February 25, 2017 at 2:04 pm

Thanks Kelsey, this is a nice overview of Naming Force. I tried it out for a month and was a bit let down. Here’s why:

Starting off there are only 10-15 contest available for beginers and each of those were easily filled up with 600 other name submissions (they tell you starting off). So you’re begining with a 1 in 600 chance that you’ll win.

You’re given a small paragraph about once facet of the company you’re supposed to come up with a clever name for. So you really don’t even know your client.

Then you spend 20-30 min thinking of a clever name and searching to see if it has an available domain. If not, you need to start over.

In the end, you’re spending 30 min of your time for a 1-600 chance to submit a name to a company you don’t really know all for a chance to win $50 or $100.

That’s why in my opinion it’s a waste of time.
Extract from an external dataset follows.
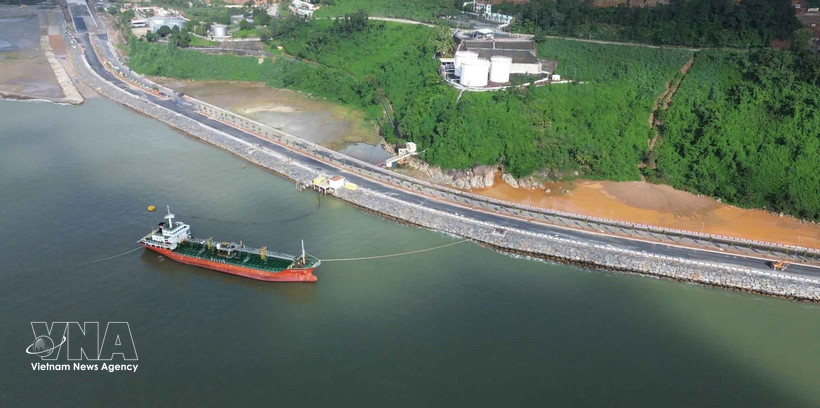 Construction in the Lien Chieu Port area is progressing rapidly. (Photo: VNA)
This is was a nice overview post, but if you want my full experience, here is my review:


November 7, 2019 at 9:55 am

The site is a mess. The admins of the site do not respond to questions in a timely manner, if at all. Clients don’t know how to use the site’s features and it seems to be intentionally difficult. For instance it says you have 1 day left to choose, but really that 1 day is the current day. So you actually have 0 days left. Most contests end without the client actually being able to choose a name.

Namers don’t read the site rules or client specifications. The great majority of names are repetitive garbage. The filters that are supposedly set up are easily bypassed and the “sergeants” who are supposed to handle duplicate name disputes just let anything pass. It is not taken seriously and leads to a large number of names being too similar.